> [Task instructions]: What are the lines from the one containing "Mila Teshaieva" through the last line of the records below? Return them exactly, leaving out pictures.

*** The records ***

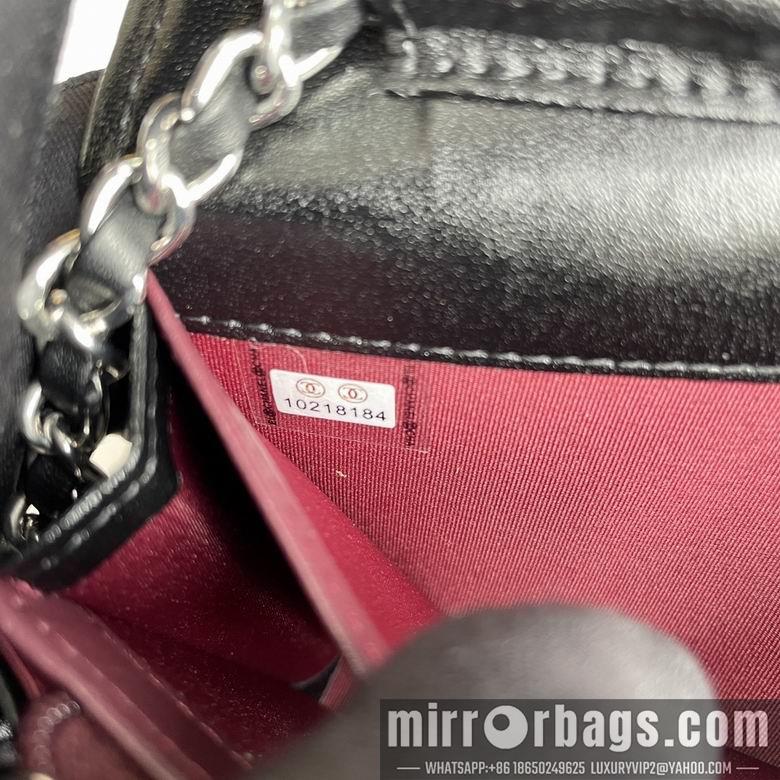 1:1 Replica Chanel Bags A50076 18X10.5X3.5cm XMY 2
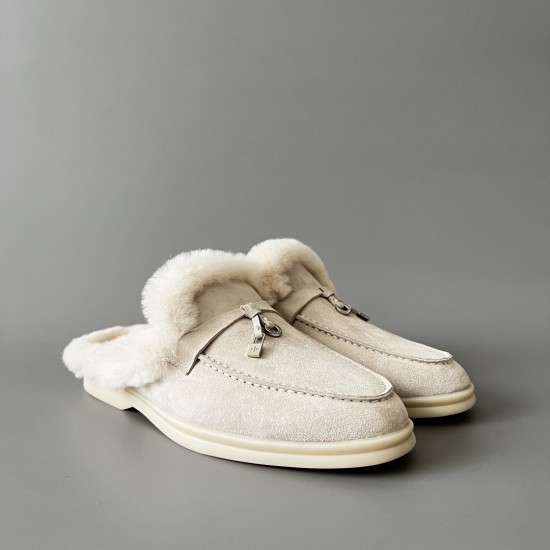 Half-slippers Shoes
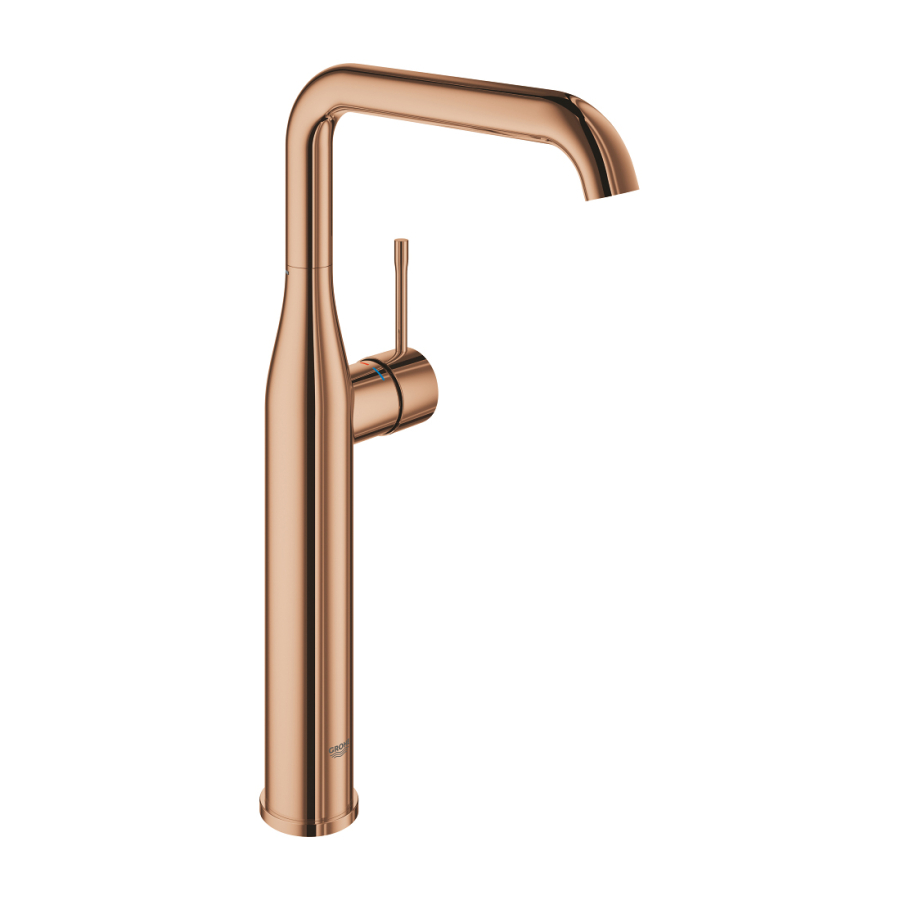 Grohe Essence Tek Kumandalı Lavabo Bataryası - G24170DA1-TESHIR - 1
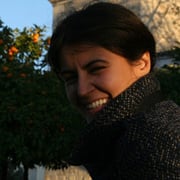 Mila Teshaieva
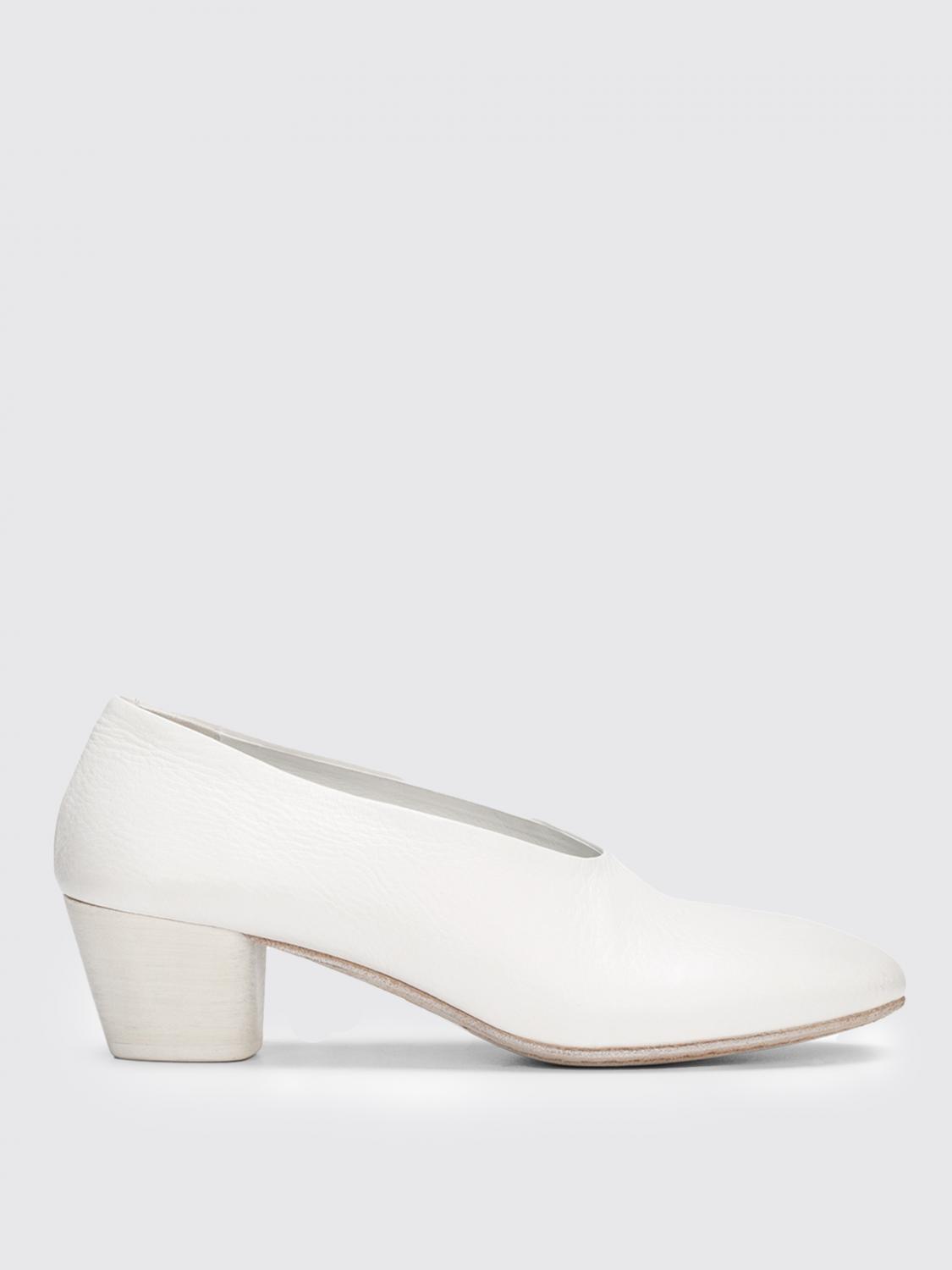 Marsèll Heeled Sandals MARSÈLL Woman colour White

***

> [Exercise answer]:
 Mila Teshaieva
 Marsèll Heeled Sandals MARSÈLL Woman colour White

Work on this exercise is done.